What you need to do –
Transcribe only what runs from the line containing "AVULSED MAXOFALLACIAL TISSUE" through the end of the listing, line for line and exactly, and omit the pictures.

Information shown –
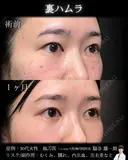 裏ハムラ 30日後 サムネイル用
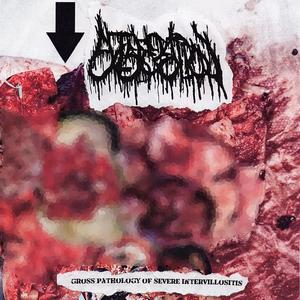 AVULSED MAXOFALLACIAL TISSUE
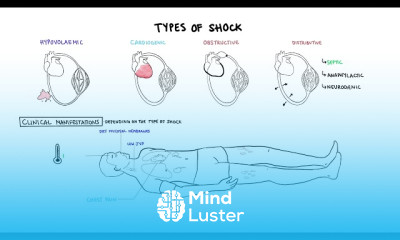 Subarachnoid Haemorrhage complications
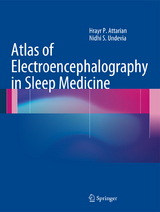 Atlas of Electroencephalography in Sleep Medicine - Hrayr P. Attarian, Nidhi S Undevia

Answer to the problem –
 AVULSED MAXOFALLACIAL TISSUE
 Subarachnoid Haemorrhage complications
 Atlas of Electroencephalography in Sleep Medicine - Hrayr P. Attarian, Nidhi S Undevia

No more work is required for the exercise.